Und woher kommt mir das, o Du Schöpfer Himmels und der Erden und der Tiefen, der doch meines Gutes nicht bedarf? Woher kommt es mir, dass Du mich geliebt hast? O Du Weisheit, die Du den Stummen den Mund öffnest: O Du Wort, durch welches alle Dinge gemacht sind: öffne mir den Mund, schenke mir die Stimme des Lobes, auf dass ich erzählen möge alle Deine Wohltaten, die Du, o HErr, von Anfang mir erwiesen hast. Denn siehe, weil Du mich erschaffen hast, so bin ich dass du mich aber erschufst und in die Zahl Deiner Geschöpfe aufgenommen, das hast Du von Ewigkeit her also verordnet! Ehe denn Du etwas machtest, von Anbeginn, ehe Du den Himmel ausspanntest, als die Tiefe noch nicht war, da Du die Erde noch nicht bereitet, auch die Berge noch nicht gegründet hattest, noch die Brunnen hervorgequollen waren; ehe denn Du diese Dinge alle machtest, die Du durch Dein Wort machtest: da hast Du schon zuvor gesehen durch die allergewisseste unfehlbare Weisheit Deiner Vorsehung, dass ich Deine Kreatur werden würde, und gewollt, dass ich Deine Kreatur sein sollte!

Und woher kommt mir das, o Du gütigster GOtt, Du allerhöchster GOtt, Du allbarmherziger, Du allgewaltiger und doch allezeit sanftmütigster Schöpfer? Welches sind denn meine Verdienste, was hast Du Holdseliges an mir gefunden, dass es vor dem Angesicht Deiner großmächtigen herrlichen Majestät ein Wohlgefallen hätte erwecken können, mich zu erschaffen?
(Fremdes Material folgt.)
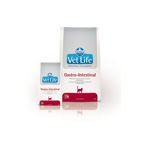 Farmina Vet Life Gastro Intestinal Cat 2kg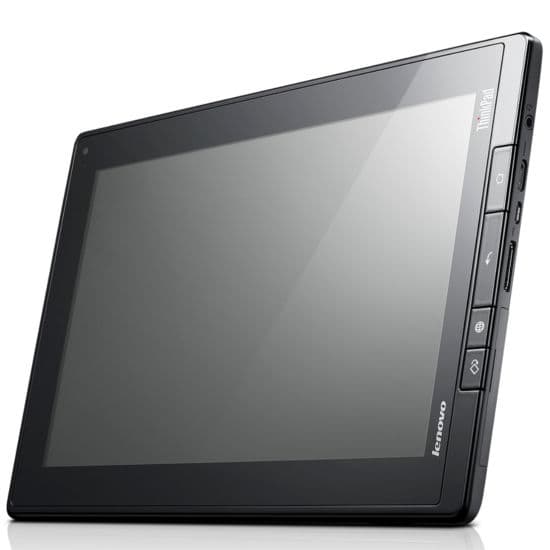 Lenovo ThinkPad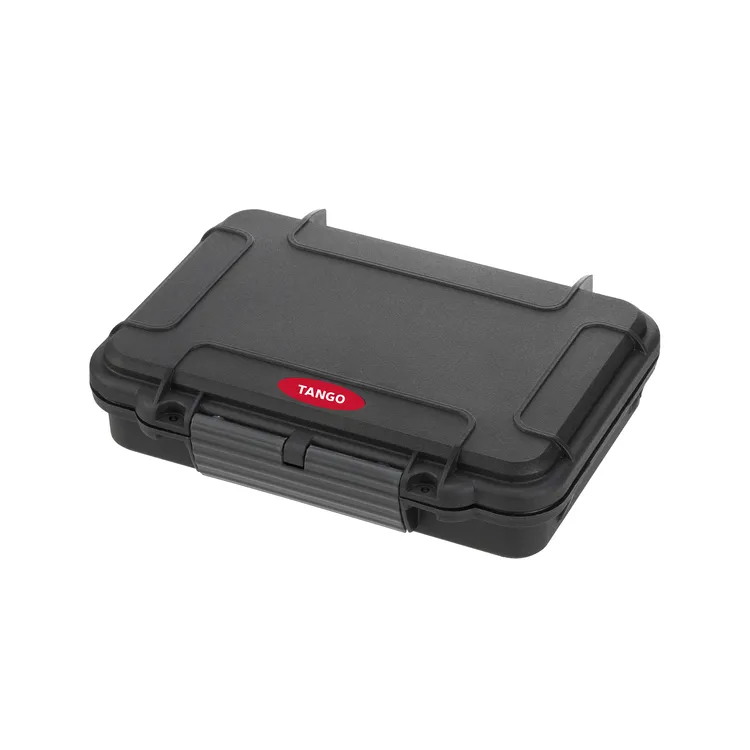 WAG_case_T002001_seitlich_main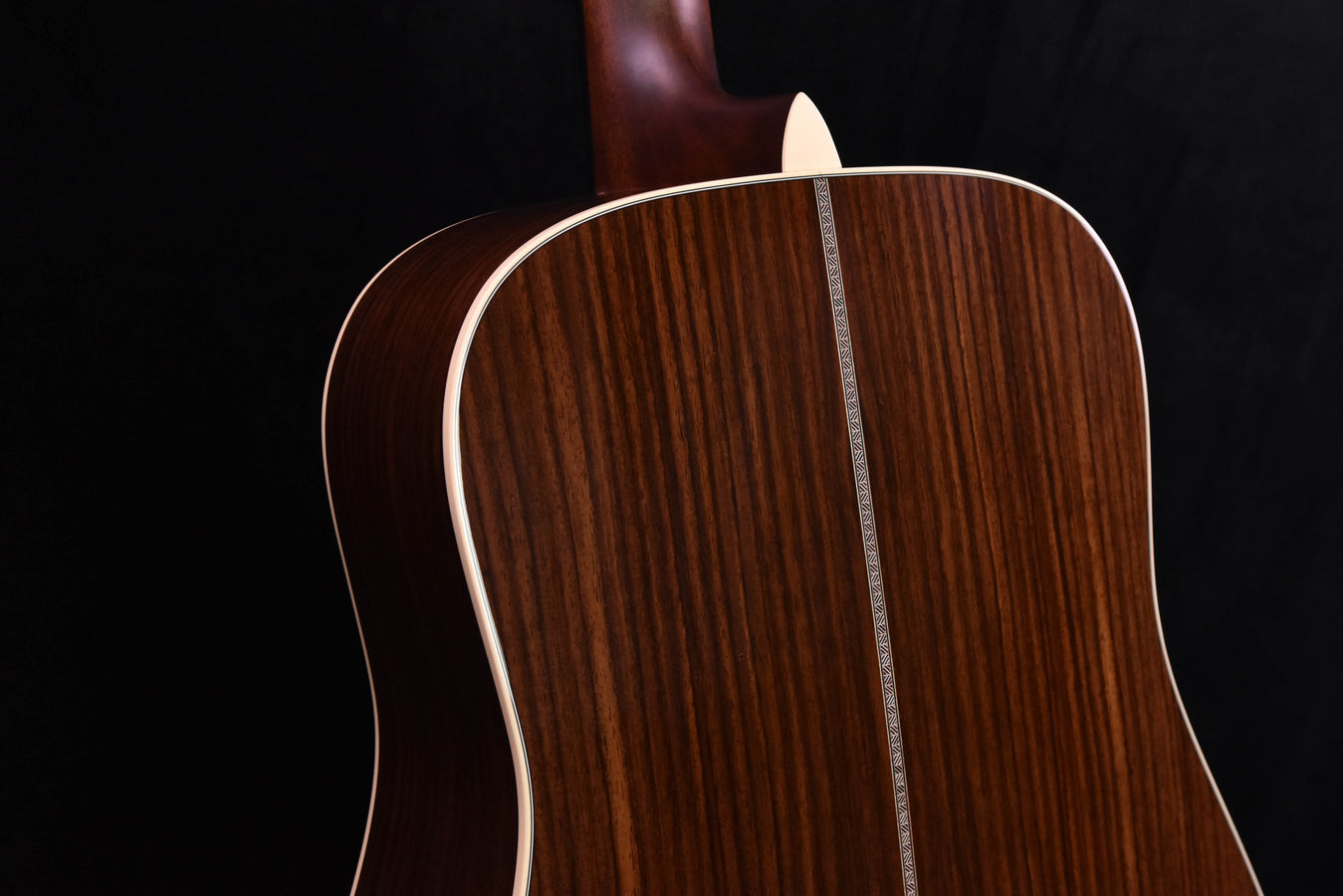 Martin HD-12-28 12 String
Ich war nicht und Du hast mich geschaffen; ich war zuvor nichts und aus dem Nichts hast Du mich zu Etwas gemacht! Was aber ist dieses Etwas? Kein Wassertropfen, kein Feuer, kein Vogel, kein Fisch, kein kriechendes Tier, auch keins von den unvernünftigen Tieren, keins aus der Art, denen bloß gegeben ist zu sein, oder von den Dingen, die da für sich allein sind und wachsen; keins aus der Art, die allein sind, wachsen und empfinden, sondern weit über diese alle hast Du gewollt, dass ich aus den Dingen sein sollte, denen gegeben ist, dass sie sind; denn ich bin ja: und aus denen, die sind und wachsen; denn ich bin und wachse: und aus denen, die da sind, wachsen und empfinden; denn ich bin, wachse und empfinde; und Du hast mich nur etwas geringer als die Engel geschaffen, dieweil ich die Vernunft, Dich zu erkennen, mit ihnen gemeinsam von Dir empfangen habe. Aber nicht umsonst hab' ich gesagt: etwas geringer; denn sie haben schon Deine selige Erkenntnis in gegenwärtiger Gestalt, ich aber in Hoffnung: sie haben es von Angesicht zu Angesicht, ich aber durch einen Spiegel in einem dunklen Wort: sie haben es völlig, ich nur stückweise!